● Activity: Pictures are to be omitted; everything else in the data must be transcribed exactly.

● Input data:
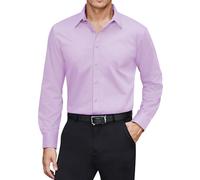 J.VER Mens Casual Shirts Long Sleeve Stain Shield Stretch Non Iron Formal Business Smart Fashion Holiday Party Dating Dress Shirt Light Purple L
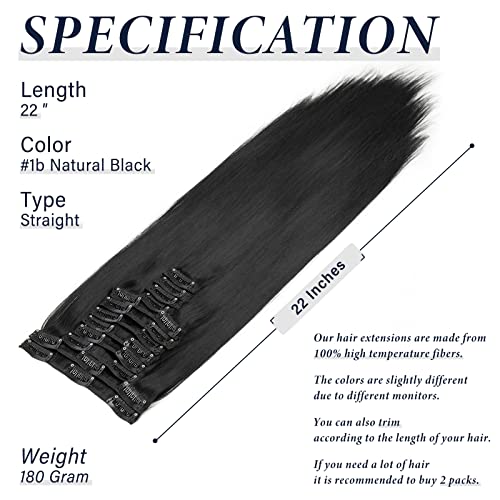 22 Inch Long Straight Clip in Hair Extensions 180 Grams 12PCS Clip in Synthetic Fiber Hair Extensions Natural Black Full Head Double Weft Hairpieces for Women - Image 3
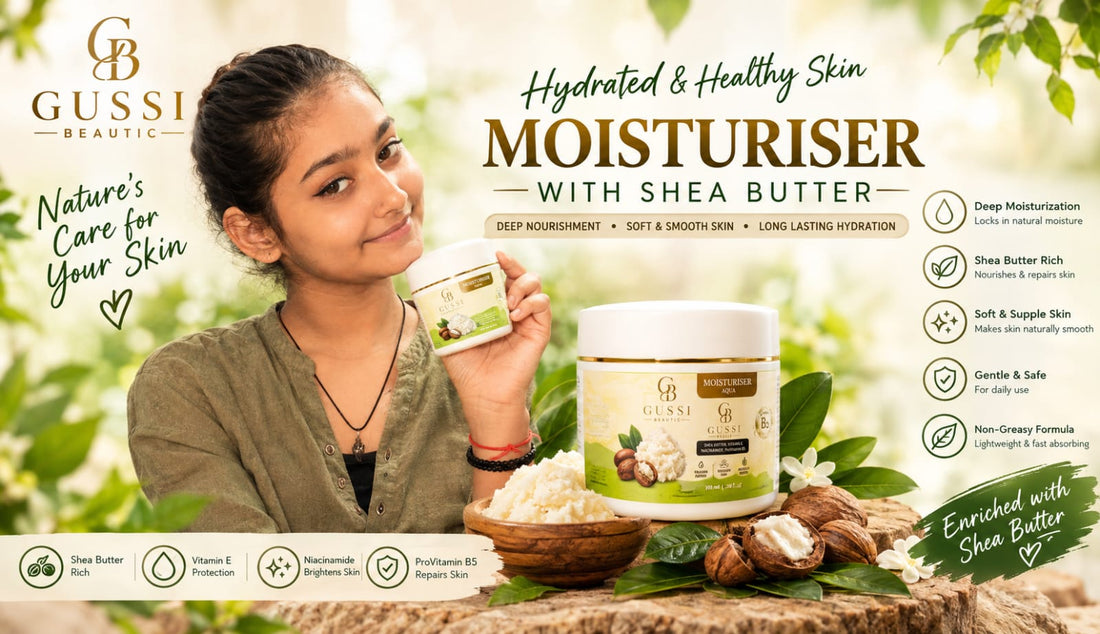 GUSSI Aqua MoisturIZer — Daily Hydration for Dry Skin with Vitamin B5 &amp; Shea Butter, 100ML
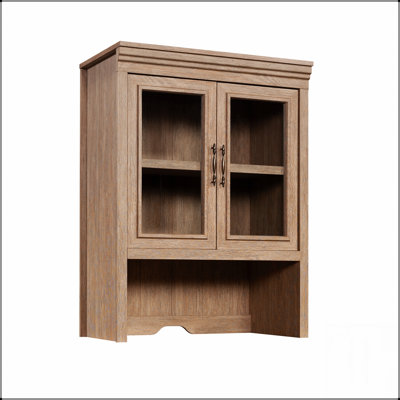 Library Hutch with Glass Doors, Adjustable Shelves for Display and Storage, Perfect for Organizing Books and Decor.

● Exercise result:
 J.VER Mens Casual Shirts Long Sleeve Stain Shield Stretch Non Iron Formal Business Smart Fashion Holiday Party Dating Dress Shirt Light Purple L
 22 Inch Long Straight Clip in Hair Extensions 180 Grams 12PCS Clip in Synthetic Fiber Hair Extensions Natural Black Full Head Double Weft Hairpieces for Women - Image 3
 GUSSI Aqua MoisturIZer — Daily Hydration for Dry Skin with Vitamin B5 &amp; Shea Butter, 100ML
 Library Hutch with Glass Doors, Adjustable Shelves for Display and Storage, Perfect for Organizing Books and Decor.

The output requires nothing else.